The chancellor is known by some around Westminster as “box office Phil”, an ironic nickname for a politician who favours caution and prudence over showmanship and headline-grabbing pyrotechnics. So this should be Philip Hammond’s sort of Budget.
The government is sticking with its aim of plugging the deficit and balancing the books. Although borrowing has fallen to its lowest level in a decade, the expected slowdown in productivity growth is likely to push future borrowing numbers back up, shrinking Mr Hammond’s room to spend.
Add in the economic uncertainty around Brexit, and Mr Hammond might be tempted to play safe and avoid any drama.
There are political reasons for caution too. The Tories have a precarious working majority in the Commons with the help of the DUP, which means any remotely controversial votes on tax rises or spending cuts could easily be lost.
Mr Hammond has already been burned from fumbling a Budget measure, when he had to scrap plans to raise National Insurance contributions for the self-employed within a week of announcing the policy in March.
The chancellor does not revel in the political chess games enjoyed by his predecessor, George Osborne, who delighted in trying to outfox his opponents with a mischievous surprise. Not always successfully.
Philip Hammond definitely does not need his own “omnishambles” Budget this week, and nor does the government.
Badly wounded by the botched general election in June, hit by the departure of two cabinet ministers in a month, divided on Brexit, for the Tories this is a Budget that must not backfire.
Ironically, it was June’s election that kept Philip Hammond in his job.
Hardly allowed out in public during the campaign, he was widely expected to be chopped after the expected victory – an impression Theresa May did nothing to dispel at a joint press conference with her chancellor in May.
Tensions between Number 10 and Number 11 were clear and the source of the agro was of course Brexit. A supporter of Remain during the referendum, Mr Hammond has found himself battling the Brexiteers in the cabinet.
He wants a two-year post-Brexit transition deal agreed with the EU as soon as possible to stop businesses moving out.
He is resisting calls to set aside billions of pounds now for a no-deal scenario. Mr Hammond wants to protect financial services as much as possible.
In October, the former Tory Chancellor Lord Lawson accused Mr Hammond of acting in a way that was “close to sabotage”, because of his Brexit negativity, and urged Theresa May to sack him.
But the prime minister, an Oxford university contemporary of her chancellor, shows no sign of wanting to move him.
Former Chancellors can also be dangerous to a prime minister. Theresa May might recall the resignation speech of Geoffrey Howe in 1990 after he quit as Deputy Prime Minister, following a political career spent at the Treasury and the Foreign Office.
If you haven’t seen it, his quietly deadly resignation speech is worth a few minutes of your time.
So considering the constraints, what are Tory MPs hoping for from Wednesday’s budget?
“Nobody is expecting much,” one veteran of the Conservative back benches told me.
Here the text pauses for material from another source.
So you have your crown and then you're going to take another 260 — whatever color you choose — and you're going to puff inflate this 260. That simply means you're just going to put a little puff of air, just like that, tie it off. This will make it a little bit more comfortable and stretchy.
While no fan of Philip Hammond, “we don’t want a bloodbath”, they said.
“We don’t want him to screw it up,” said another senior Tory, who is hoping for a sunnier message from the sometimes doleful Chancellor.
The Tory MP Nigel Evans also says he wants a bit of cheer from Mr Hammond.
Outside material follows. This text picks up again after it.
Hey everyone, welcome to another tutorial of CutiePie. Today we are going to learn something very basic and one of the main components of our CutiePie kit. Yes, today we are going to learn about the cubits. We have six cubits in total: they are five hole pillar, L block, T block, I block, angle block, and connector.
“If he comes to the despatch box and starts hand-wringing, and saying, ‘We’ve got no money,’ but at the same time we know they are prepared to up the amount of money they don’t necessarily have to give the EU, then we’ll all think, ‘What the heck’s going on?'”
The consistent view among Leave-supporting Tories is that they want him to sound upbeat about the possibilities of Brexit.
But the chancellor has strong admirers on the Tory benches too, relieved he is in the Treasury’s driving seat while the government argues about the final destination of Brexit.
The MP for Chelmsford, Vicky Ford, is a fan. “I want a chancellor who’s as boring as anything, but really understands the numbers and the finances. I think Philip Hammond’s been doing an incredibly good, detailed analysis and that’s exactly what we need at this time.”
Tory MPs agree it is a very difficult Budget for Philip Hammond to pitch. It needs to try to prove the government has a purpose other than Brexit, while having very little cash to splash. Maybe the chancellor will surprise us.
The former schoolboy disco entrepreneur turned wealthy businessman took career risks long before he entered politics. But Wednesday will be one of his toughest challenges yet.